== EXCERPTED RECORDS

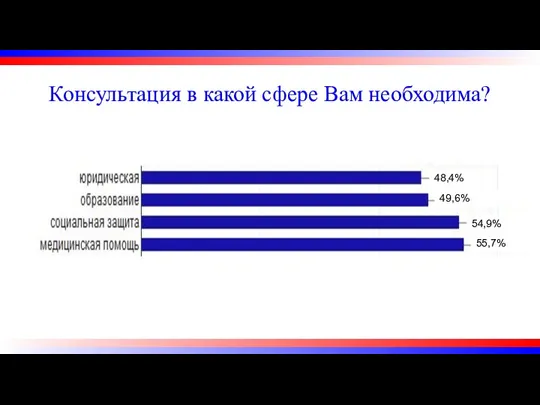 Консультация в какой сфере Вам необходима? 48,4% 49,6% 54,9% 55,7%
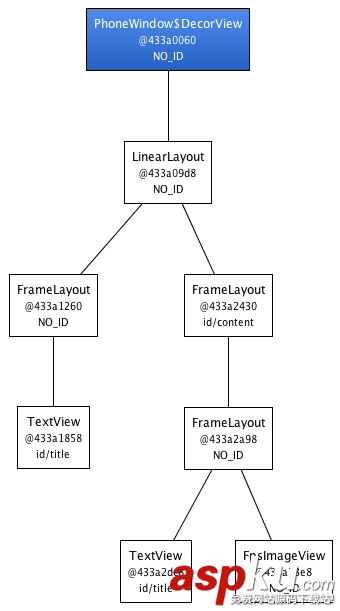 Android仿iOS實現(xiàn)側滑返回功能(類似微信) Android,iOS,側滑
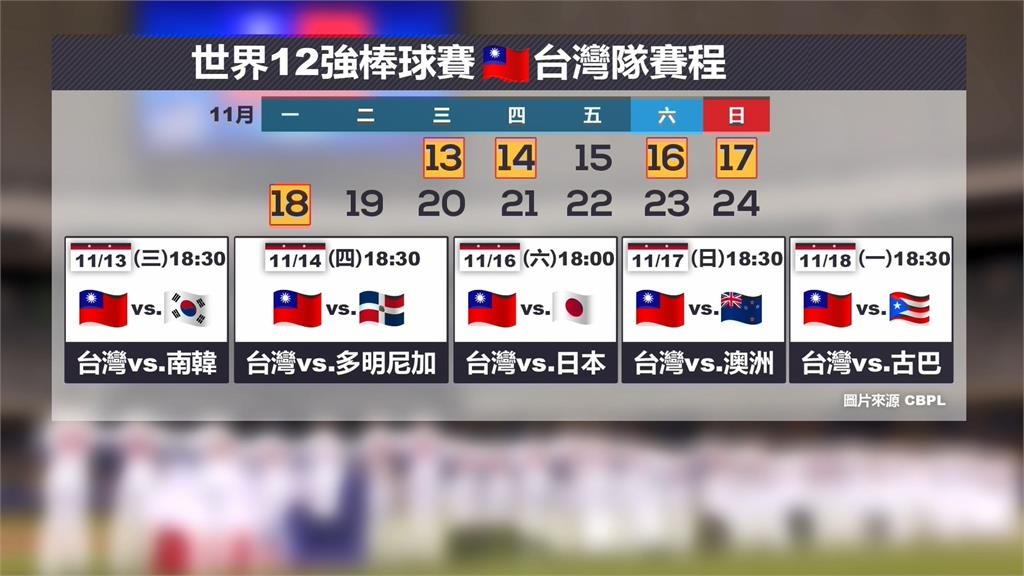 12強賽(影)／台灣隊完整賽程「看這裡」　地主優勢5戰「晚場台北大巨蛋」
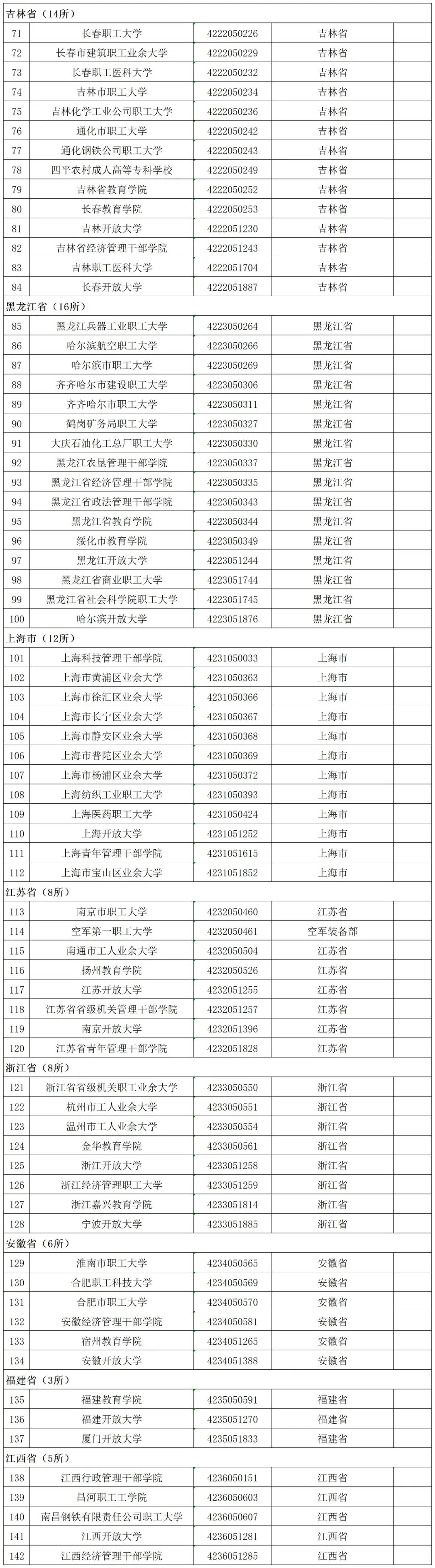 贵州省启动模拟填报高考志愿(附全国高校名单)-第71张图片-四季读书网
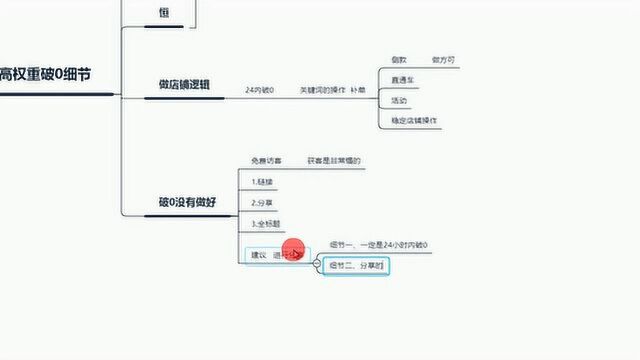 拼多多如何高权重破0细节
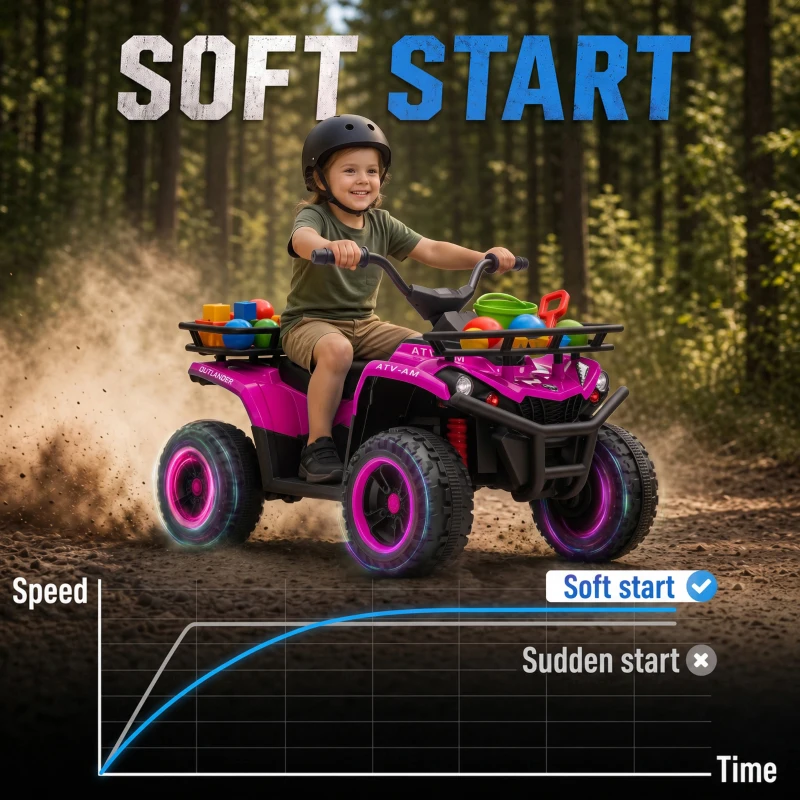 Qaba 12V Kids ATV, Electric Ride On Quad with Dual Motors, Soft Start, Battery Display, Music, Lights for 3-8 Years, Pink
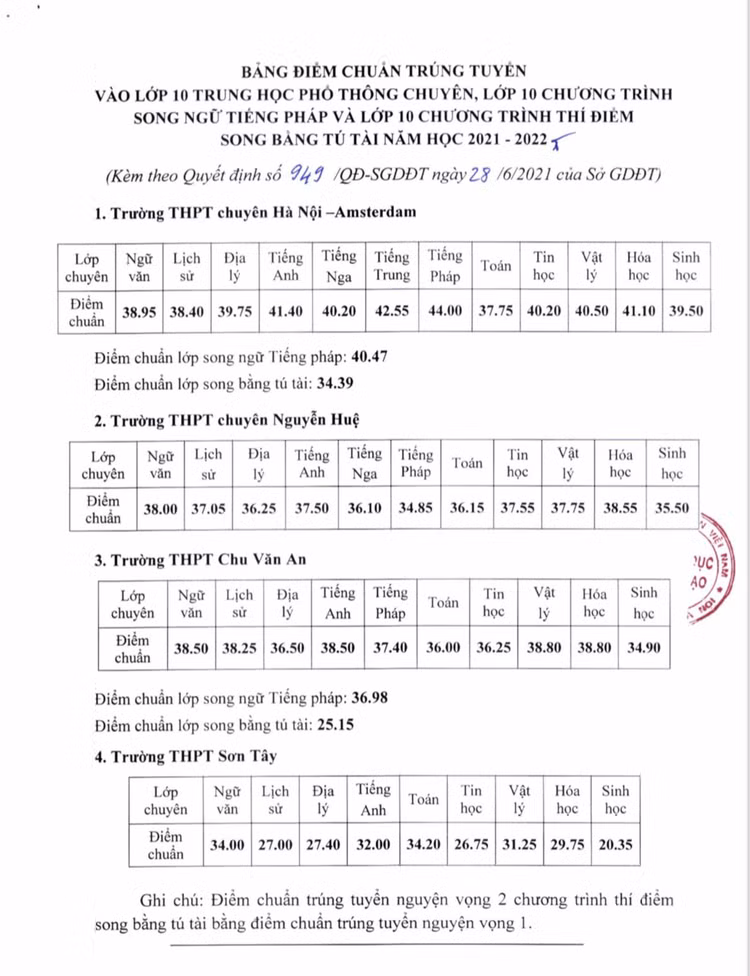Hà Nội: Công bố điểm chuẩn lớp 10 hệ chuyên và lớp chuyên THPT năm 2021 - 1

====

YOUR TASK
I'd like every record printed exactly, with the pictures left out.

RESPONSE AREA
 Консультация в какой сфере Вам необходима? 48,4% 49,6% 54,9% 55,7%
 Android仿iOS實現(xiàn)側滑返回功能(類似微信) Android,iOS,側滑
 12強賽(影)／台灣隊完整賽程「看這裡」　地主優勢5戰「晚場台北大巨蛋」
 贵州省启动模拟填报高考志愿(附全国高校名单)-第71张图片-四季读书网
 拼多多如何高权重破0细节
 Qaba 12V Kids ATV, Electric Ride On Quad with Dual Motors, Soft Start, Battery Display, Music, Lights for 3-8 Years, Pink
Hà Nội: Công bố điểm chuẩn lớp 10 hệ chuyên và lớp chuyên THPT năm 2021 - 1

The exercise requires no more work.